I just wondered why if what she values is money why SHE doesn't get another job and SHE doesn't choose then to work instead of spending time with her kids?

It just disgusted me as what I saw was someone wanting to PUNISH an someone unable to FORGIVE and therefore unable to act lovingly.
One doesn't have to be in love or seek to ever be a partner with their Ex, but they can out of respect and love of their kids be loving in their ACTIONS for the good of all. That would be accepting the Ex where they are at.

Loving is not trying to change or fix or get angry when one doesn't do what YOU WANT.

Loving is not trying to CONTROL.

I find is disturbing how our court system is used by some to control.

It was startling to watch.

I also watched a kid get pushed forward for a name change. The poor kid almost broke my heart watching it. I wondered where his father was who likely was pushed out of his life. I wondered about the woman who's new husband so rudely kept putting his hand on her shoulder and directing her movement so she would be next to him or in front of him.
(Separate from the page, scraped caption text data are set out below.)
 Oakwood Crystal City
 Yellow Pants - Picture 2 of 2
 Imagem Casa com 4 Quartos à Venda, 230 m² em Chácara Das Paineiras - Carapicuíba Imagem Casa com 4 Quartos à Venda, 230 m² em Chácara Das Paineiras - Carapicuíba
She couldn't even STAND in line as they awaited the signing of the papers without his control of her very movement. IT was scary and sad to me to watch that interaction which was so OVERT to me, and so disrespectful and SCARILY so controlling which was not noticed by most. I looked around to see if ANYONE else was disturbed by this facade of the joy of taking on a new name.

The poor kid stood there and was forced to renounce the name of his Father- to renounce HIS NAME an to deny a part of who HE IS for someone else's desire.

I mean the kid was a minor.

Why do courts allow such manipulation?
I really just don't get it.

I understand a child being WANTED and then belonging and WANTING A name of the beloved who is caring for them an really a loving parent in their life.

Being a loving parent is not biological and I get that. But to watch the kid that did not seem overjoyed to be doing this just not SEEN AT ALL was disturbing to me.

That was so clearly not about that kid.


Going to work. I joke I should take am mental health day. I hardley EVER CALL IN SICK an in fact part of my own mental health issues is the tendency to become obsessive and the overworking workaholic. It is a form of addiction to shut out all else.

I am proud of managing that very well.

But now off to work. I just hope I can focus.

I can't find my doctor's number or I would have called as I have an appointment but not soon enough. I ran out of medicine and recognize that boy it DOES HELP ME. Even if we haven't yet tweaked it well, its better than nothing.